Return only that part of the material below which starts with the line containing "Motor Na Akumulator" and goes on through the line containing "5 dozen bouten", restated exactly.

*** Opening DATA FOR ANALYSIS ***

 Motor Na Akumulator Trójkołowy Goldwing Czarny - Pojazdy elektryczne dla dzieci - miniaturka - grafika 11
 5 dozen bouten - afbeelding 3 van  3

*** Closing DATA FOR ANALYSIS ***
*** Opening DATA FOR ANALYSIS ***

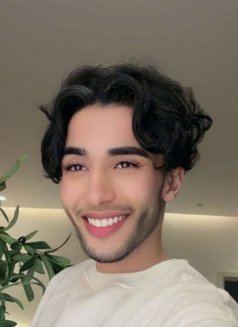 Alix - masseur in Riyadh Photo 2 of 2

*** Closing DATA FOR ANALYSIS ***
*** Opening DATA FOR ANALYSIS ***

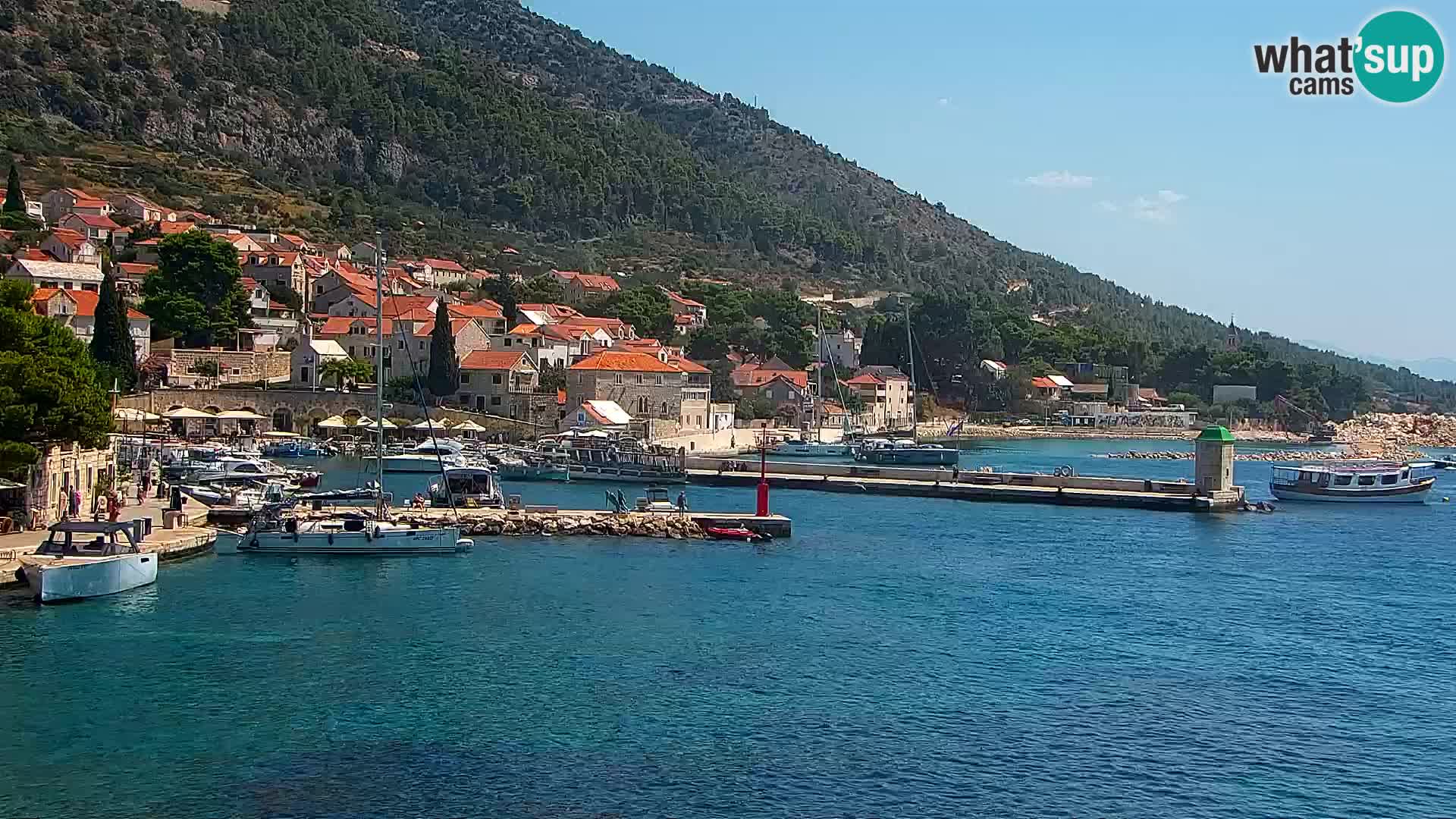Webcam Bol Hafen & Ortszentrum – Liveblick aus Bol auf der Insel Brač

*** Closing DATA FOR ANALYSIS ***

- **ANSWER AREA**
 Motor Na Akumulator Trójkołowy Goldwing Czarny - Pojazdy elektryczne dla dzieci - miniaturka - grafika 11
 5 dozen bouten - afbeelding 3 van  3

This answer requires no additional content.